Where the CVS-1240 Sits in the Plant
The screen is positioned after a crushing stage and is fed by a belt conveyor. Through-products drop to stockpile conveyors, while oversize from the lower deck is typically returned to a crusher in a closed circuit. In a typical line the sequence is feeder, crusher, conveyor, screen, with the screen determining the final product gradation.
What It Handles and Deck Configurations
- The CVS-1240 handles crushed stone, gravel and sand-sized material at 70-95 t/h.
- Two decks produce three fractions, three decks produce four, and four decks produce five fractions in one pass.
- The 1.200 x 4.000 mm box gives 4.8 m² of screening area; capacity depends on mesh size, material moisture and the required cut accuracy.
Deck Media
- Steel woven wire mesh is used for hard, abrasive material and finer cuts.
- Polyurethane panels are used where blinding or pegging is a problem and where longer media life is wanted.
- Media is selected by aperture, open area and the hardness of the feed.
Maintenance
- Inspect and re-tension the screen media regularly; loose mesh tears quickly and reduces efficiency.
- Lubricate the eccentric shaft bearings on schedule and monitor bearing temperature.
- Check the steel-lined feedbox and discharge lips for wear and replace before they fail.
- Verify the support springs and that Huck-bolted joints remain tight under vibration.
Comparison With Alternatives
Compared with a static grizzly or trommel, an inclined vibrating screen offers higher accuracy and more decks in a smaller footprint. Within the CONSTMACH range, the CVS-1240 is the compact unit; for higher throughput or larger top sizes, the CVS-1640, CVS-1650, CVS-1850 and CVS-2470 offer progressively larger screen boxes and deck areas.

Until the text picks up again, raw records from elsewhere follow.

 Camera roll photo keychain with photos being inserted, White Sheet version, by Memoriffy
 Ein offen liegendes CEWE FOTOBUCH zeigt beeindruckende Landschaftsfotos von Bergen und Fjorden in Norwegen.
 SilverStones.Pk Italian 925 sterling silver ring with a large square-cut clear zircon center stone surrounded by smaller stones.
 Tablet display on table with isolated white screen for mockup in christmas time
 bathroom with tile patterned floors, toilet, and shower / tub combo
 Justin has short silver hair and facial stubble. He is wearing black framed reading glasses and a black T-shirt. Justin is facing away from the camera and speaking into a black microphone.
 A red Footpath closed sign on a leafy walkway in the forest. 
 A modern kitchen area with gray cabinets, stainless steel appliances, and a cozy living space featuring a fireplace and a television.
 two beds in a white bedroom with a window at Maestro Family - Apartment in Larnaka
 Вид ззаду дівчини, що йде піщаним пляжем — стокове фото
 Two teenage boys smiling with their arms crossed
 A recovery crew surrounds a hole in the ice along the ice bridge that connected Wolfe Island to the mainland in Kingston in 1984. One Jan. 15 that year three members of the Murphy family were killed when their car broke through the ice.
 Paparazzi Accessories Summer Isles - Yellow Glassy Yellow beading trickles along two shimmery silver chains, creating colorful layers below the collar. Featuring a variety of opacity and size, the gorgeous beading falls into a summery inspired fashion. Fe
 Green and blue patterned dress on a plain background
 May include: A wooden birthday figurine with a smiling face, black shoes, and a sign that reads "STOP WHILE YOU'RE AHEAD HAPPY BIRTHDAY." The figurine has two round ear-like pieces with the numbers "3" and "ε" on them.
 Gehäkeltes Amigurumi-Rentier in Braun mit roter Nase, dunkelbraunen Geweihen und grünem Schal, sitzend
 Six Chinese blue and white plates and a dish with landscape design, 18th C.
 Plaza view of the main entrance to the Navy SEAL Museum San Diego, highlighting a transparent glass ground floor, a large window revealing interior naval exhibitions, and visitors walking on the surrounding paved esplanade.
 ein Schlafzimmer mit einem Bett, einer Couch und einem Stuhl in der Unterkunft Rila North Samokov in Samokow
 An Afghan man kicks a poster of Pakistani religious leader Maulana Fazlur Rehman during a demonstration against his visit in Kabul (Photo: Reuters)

Installation and Commissioning
The CVS-1240 is supported on coil springs that isolate its vibration from the supporting structure, and it is installed at a working incline, typically in the region of 15 to 20 degrees, so material flows down the deck under gravity while the stroke stratifies the bed. At 7.400 to 8.000 kg depending on deck count, it sits on a modest steel support tower fed by a conveyor at the top end. During commissioning the eccentric drive is checked for the correct stroke and rotation, the springs are levelled so the box runs square, and the mesh apertures are confirmed against the target product sizes. Feed is introduced gradually so the bed depth and spread across the 1.200 mm width can be observed and the feed conveyor rate trimmed.
Operating Tips for Best Results
- Spread the feed evenly across the full deck width; a feed concentrated on one side reduces efficiency and wears the mesh unevenly.
- Avoid overloading beyond 95 t/h, as too deep a bed prevents fines from reaching the mesh and blurs the cut.
- Choose polyurethane media for damp or near-size material that tends to blind steel mesh.
- Re-tension steel mesh after the first hours of running, when initial stretch occurs.
- Keep the discharge lips and chutes clear so classified fractions do not back up onto the deck.